The third and final measure of central location that we shall discuss is the mode.
E. Mode: The mode of a set of observations is that value which occurs most often or with
the greatest frequency.
The mode does not always exist. This us certainly true when all observations occur with
the same frequency. For some sets of data there may be several values occurring with the
greatest frequency in which case we have more than one mode.
Example 5: If the donations from the residents of Fairway Forest toward the Virginia Lung
Association are recorded as 9, 10, 5, 9, 9,7, 8, 6, 10 and 11 dollars, then 9 dollars, the value
that occurs with the greatest frequency, is the mode.
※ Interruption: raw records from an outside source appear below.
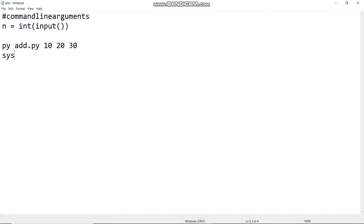We will create a separate variable in the sys module. The command line arguments will be stored in that variable. So here we will create a different variable. This variable is argv — argument value. argv is the command line argument variable.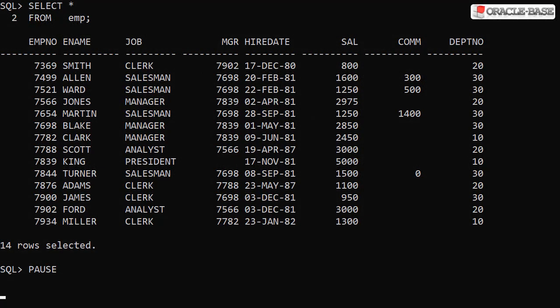We start off with a list of employees in the EMP table. We're going to focus on the salaries stored in the SAL column.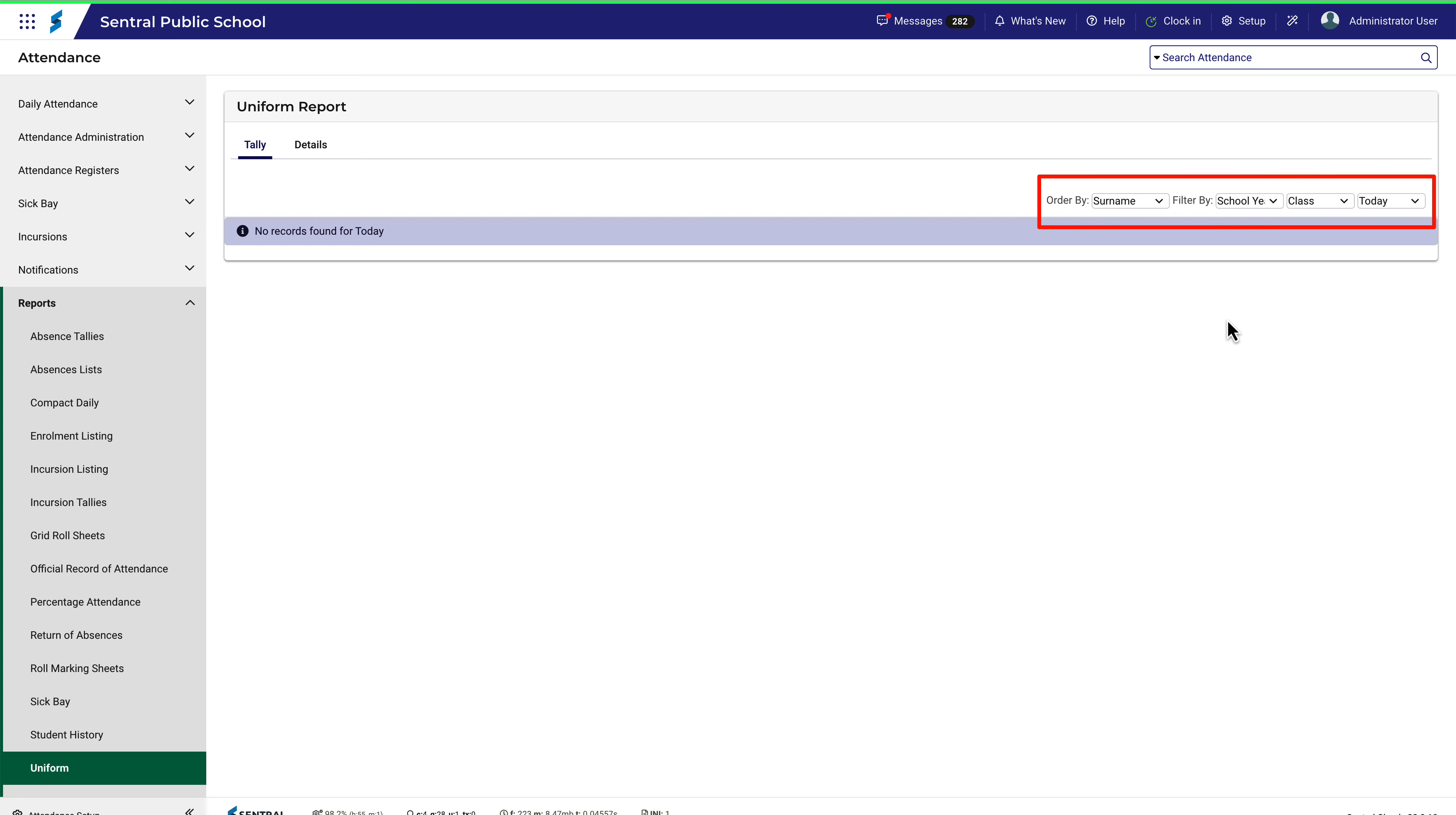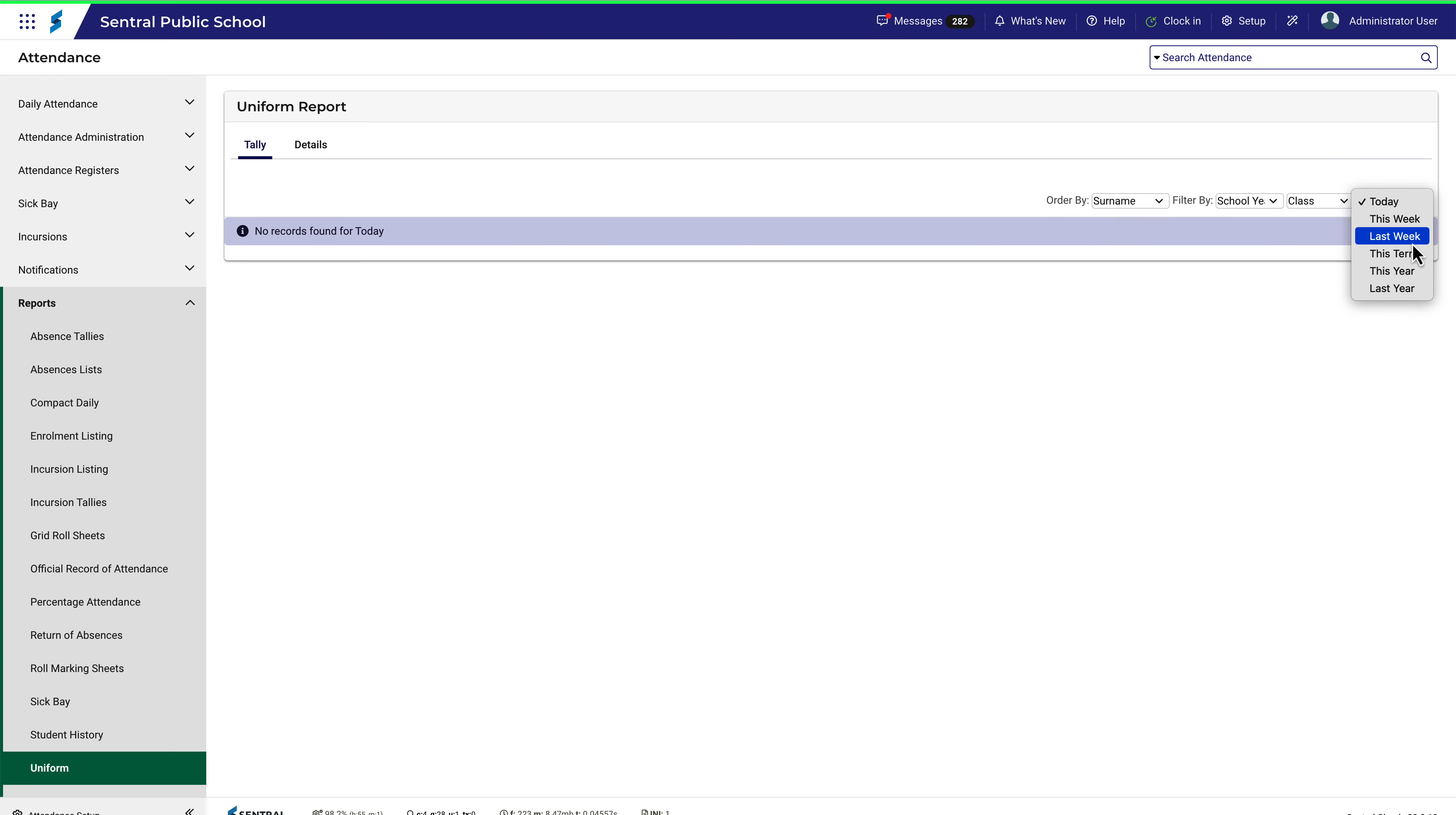You may wish to start with the relevant time period. Since this video is being recorded at the beginning of a new school year in 2023, let's quickly review how 2022 finished up. I'll select Last Year.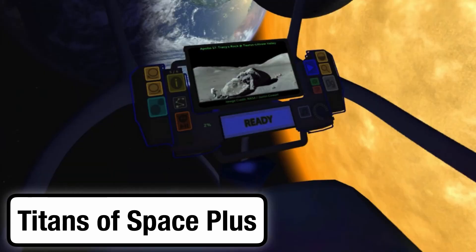The proliferation of these stems partially from their ease in creation. The virtual environments are simple — largely giant spheres with overlaid textures and an interface for navigating from one planet to the next.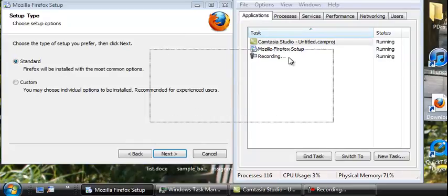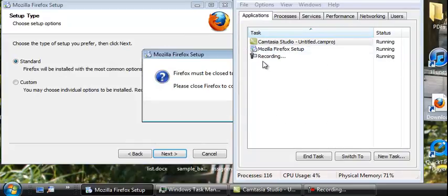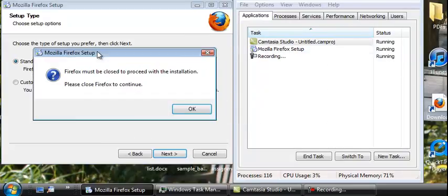And I get seven times this message: Firefox must be closed to proceed with the installation. Please close Firefox to continue.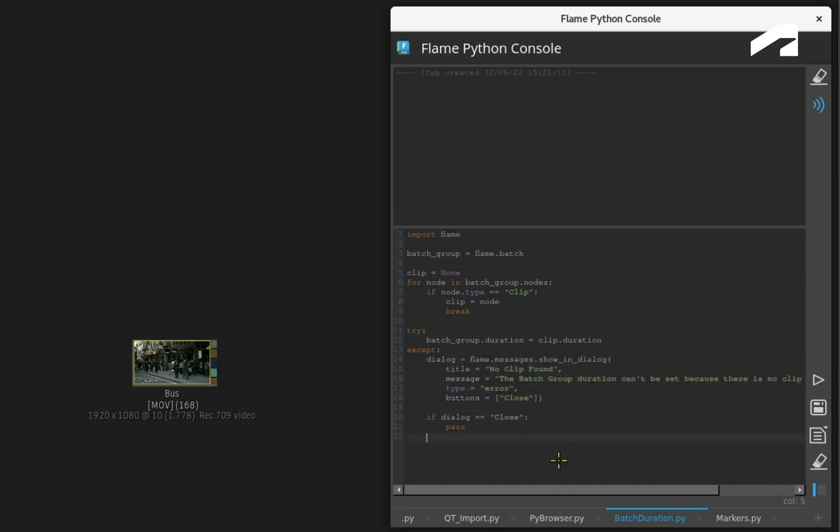This is followed by buttons with a specific action. So putting this in context, if no media is found, flag an error and let the user know that the Batch duration cannot be changed for that reason. Finally, add a close button to close the dialogue window.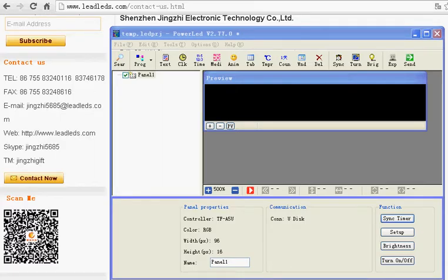Dear Customers, thanks Paul for purchasing Leadleds LED sign. Now I'll guide you how to program your message.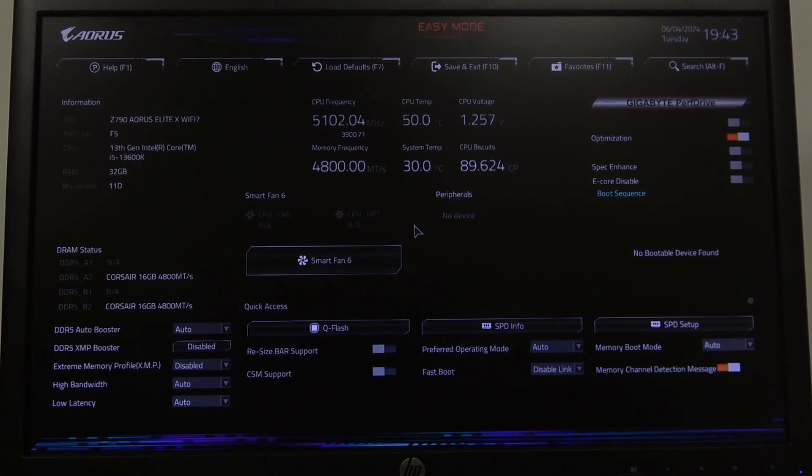Hello! In this video I want to show you how to enable or disable secure boot on Aorus motherboard.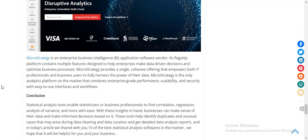If you want more software reviews and mobile app reviews, come to our website www.gmpis.com. If you have any software to review, email us at contact@gmpis.com. Thank you for watching.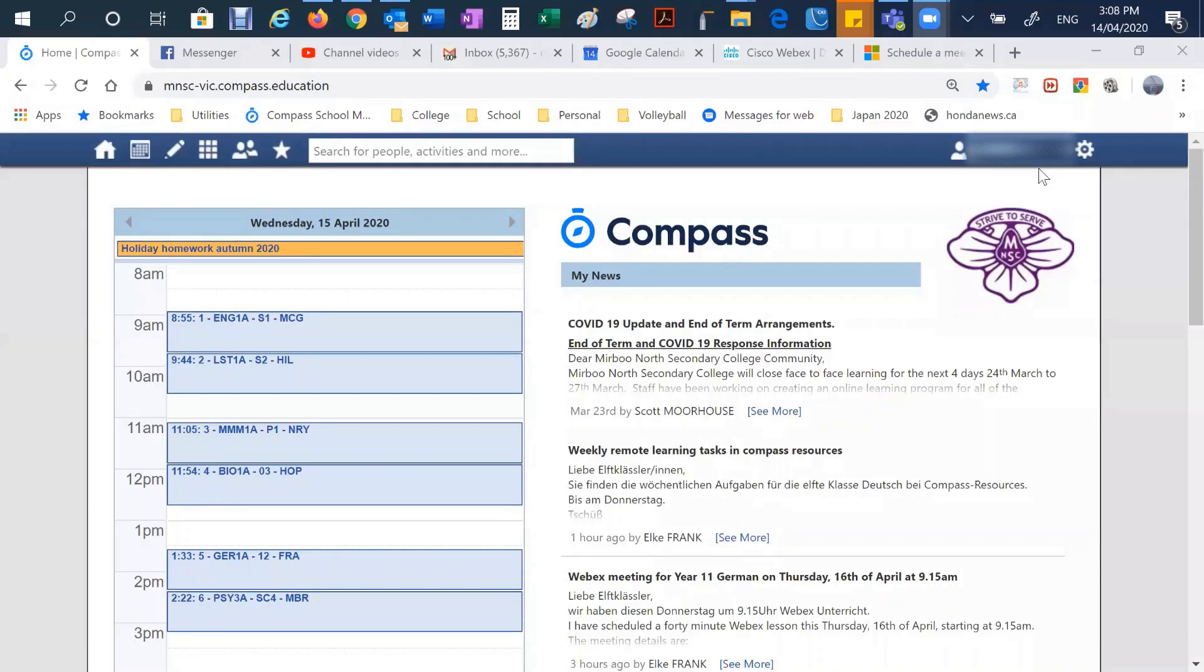G'day, I'm Nick Ryan, Acting Assistant Principal at Mervyn North Secondary College, and this is a short video to support students to access their learning material on Compass during this COVID-19 remote learning period.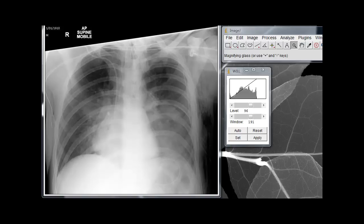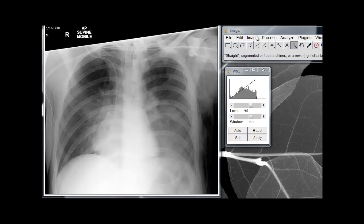I just wanted to do a quick trial video here. I'm trying out this CamStudio software that I just got. First and foremost, I'm using CamStudio, and I'm also using a software program called ImageJ, which allows us to have some basic PACS tools for any image that you can find and save to your computer.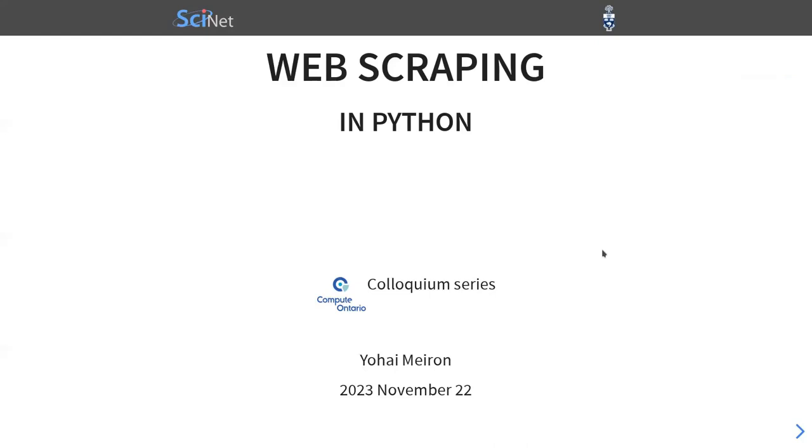Thanks Ramses for the introduction. Welcome everybody to the seminar. My name is Johan Marin, and I'll be talking about web scraping in Python.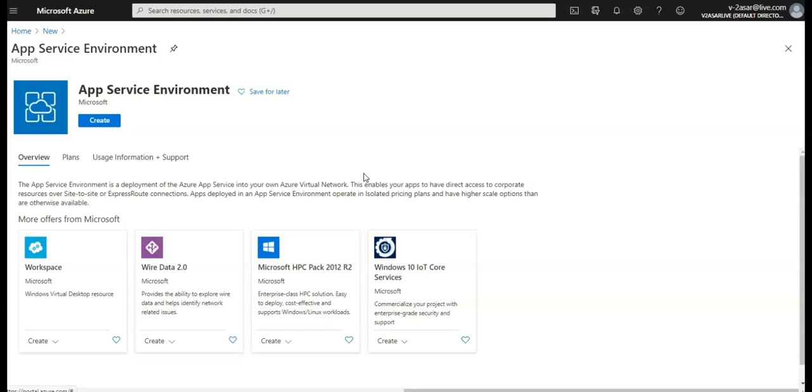This App Service Environment can host Windows web apps, Linux web apps, Docker containers, mobile apps, function apps, right? And these ASEs will host applications from only one customer and do so in one of their VNets. Users have fine-grained control over inbound and outbound application network traffic. Applications can establish high-speed secure connections over VPN to corporate resources. So it is a dedicated environment and it's exclusively to a single subscription and can host up to 100 App Service plan instances.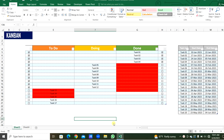Hello everyone. Today we will make this Kanban list. We can use this in our organization. Here three lists are there: to-do list, doing, and done.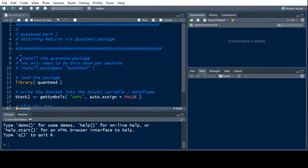Welcome to the R video tutorial on QuantMod part 2. This time we're going to learn how to obtain results using the QuantMod package.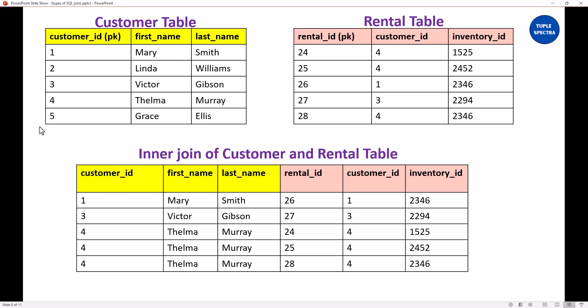We have customer ID 5 right here, but we don't have customer ID 5 on the right, therefore we did not return that. So at that point we were able to talk about inner join, because that is where you have matching keys in the joining column. But today, we are going to be looking at the left join.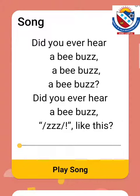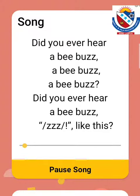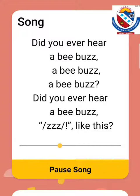This is the song of letter Z. Did you ever hear a bee buzz, a bee buzz, a bee buzz? Did you ever hear a bee buzz, zzz, zzz, zzz, like this?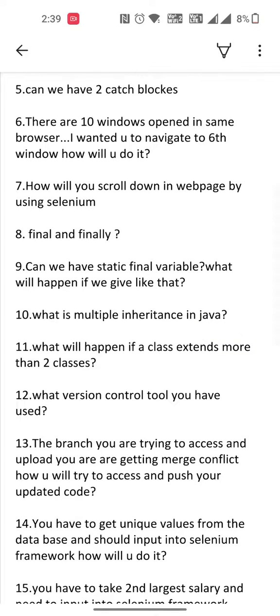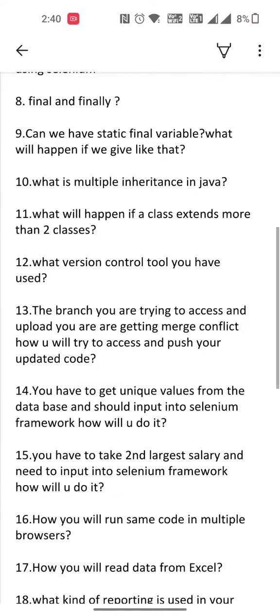Twelfth one is what version control tool you have used. Thirteenth one is a Git-based interview question about merge conflict — how will you handle a merge conflict, and what are the approaches at the time of a merge conflict? Fourteenth one is you have to get unique values from the database and input them into a Selenium framework — how will you do it?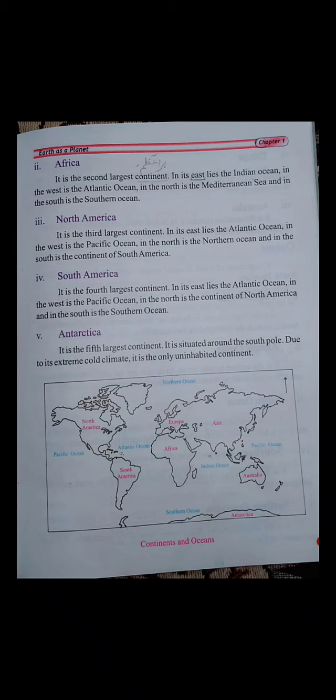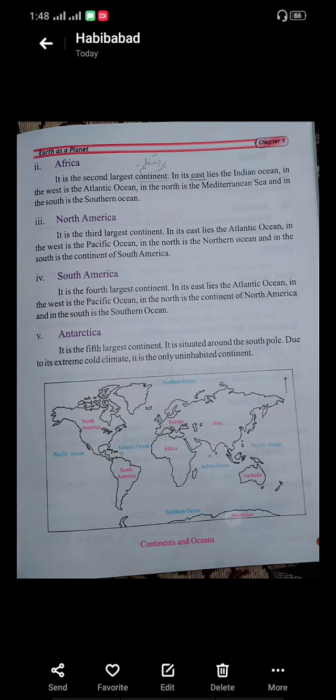The second is Africa. It is the second largest continent. In its east lies the Indian Ocean, in the west is the Atlantic Ocean, in the north is the Mediterranean Sea, and in the south is the Southern Ocean.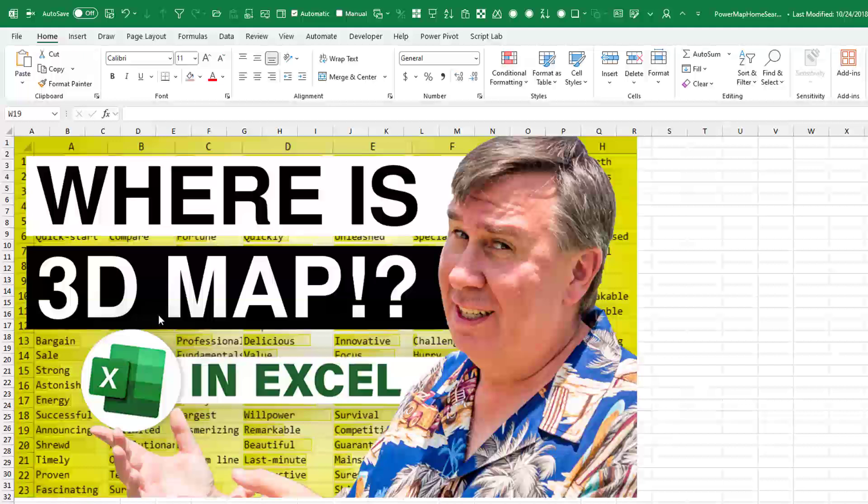I'm talking about 3D Map, formerly known as Power Map, formerly known as Geoflow. It's missing.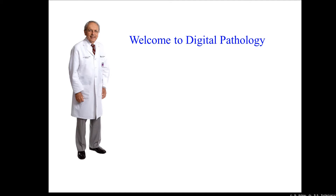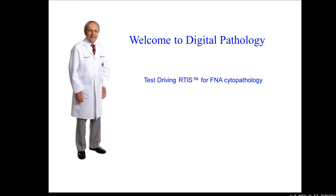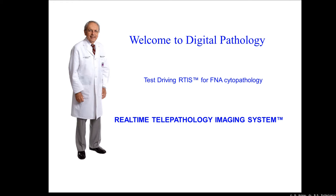This is J.B. Askew. I'm a private practice pathologist in Houston, Texas. Today I wanted to talk to you about another way to use the RTIS for fine needle aspiration cytopathology. The RTIS is a short version for real-time telepathology imaging system.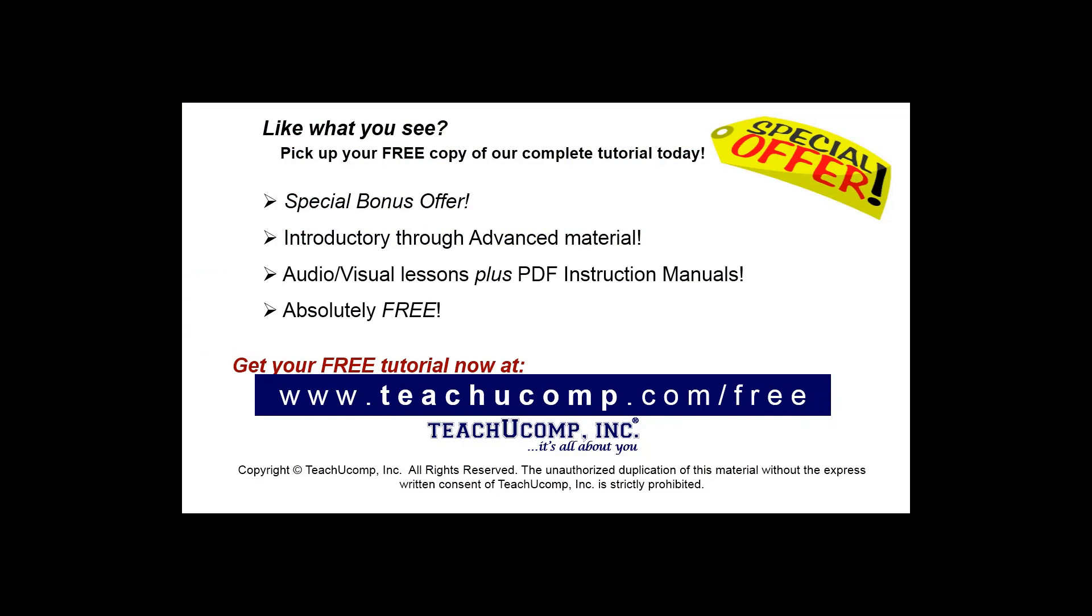Like what you see? Pick up your free copy of the complete tutorial at www.teachucomp.com/free.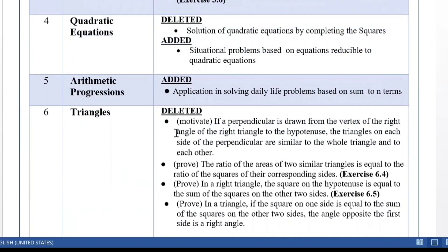The chapter of Triangles has become very light. The complete Exercise 6.4 and 6.5 is not in syllabus. Exercise 6.4 covers the theorem that the ratio of areas of two similar triangles is equal to the ratio of the squares of the corresponding sides, and Exercise 6.5 covers the Pythagoras theorem. Both Exercise 6.4 and 6.5 are no longer to be done.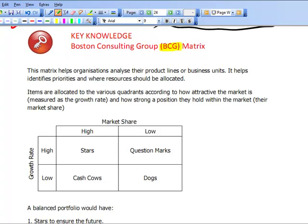The broad idea behind this is that it enables organisations that have a portfolio of products to map these onto a matrix. Once they have mapped these, it will determine what they will then do in terms of supporting that particular product. This matrix helps organisations analyse their products or business units, identify priorities, and determine where resources should be allocated.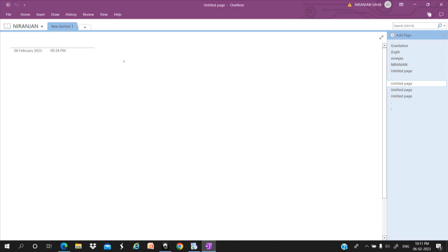Hello, I will discuss about what is a group and how we can form a group.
Example 6: The number of movies attended last month by a random sample of 12 high
school students were recorded as follows: 2, 0, 3, 1, 2, 4, 2, 5, 4, 0, 1 and 4. In this case, there
are two modes, 2 and 4, since both 2 and 4 occur the greatest frequency. The distribution is
said to be bimodal.
Example 7: No mode exists for the sociology grades of Example 3, since each grade
occurs only once.
Answer the following problems.
Assignment
1, 3, 7, 10
Bring-home Quiz
2, 5, 13
CHAPTER 4
MEASURE OF VARIABILITY
Introduction
Of great concern to the statistician is the variation in the events of nature. The variation of
one measurement from another is a persisting characteristic of any sample of measurements.
Measurements of intelligence, eye color, reaction time, and skin resistance for example
exhibit variation in any sample of individuals. Anthropometric measurements such as height,
weight, diameter of the skull, length of the forearm and angular separation of the metatarsals
show variation between individuals. Anatomical and physiological measurements vary; also,
the measurements made by the physicist, chemist, botanist and agronomist. Statistics can be
viewed as the study of variation. The experimental scientist is concerned with the different
circumstances, conditions or sources which contribute to the variation in the measurements
of he or she obtains. Among the possible measures used to describe this variation are the
range, the mean deviation and the standard deviation. The most important of these is the
standard deviation.
1. Identify the most typical measures of dispersion – the range, variance, standard
deviation and coefficient of variation.
2. Determine the extent of the scatter so that steps may be taken to control the existing
variation
Key Words
Range
Variance
Mean Deviation
Standard Deviation z
Scores
A. Measures of Variation
Consider the following measurements, in liters, for two samples of orange juice bottled
by companies A and B:
Sample A 0.97 1.00 0.94 1.03 1.11
Sample B 1.06 1.01 0.88 0.91 1.14
Both samples have the same mean, 1.00 liters. It is quite obvious that company A bottles
orange juice with a more uniform content than company B. We say that the variability or the
dispersion of the observations from the average is less for sample A than foe sample B.
Therefore, in buying orange juice, we would feel more confident that the bottle we select will
be closer to the advertised average if we buy from company A.
The most important statistics for measuring the variability of a set of data are the range
and the variance. The simplest of theses to compute is the range.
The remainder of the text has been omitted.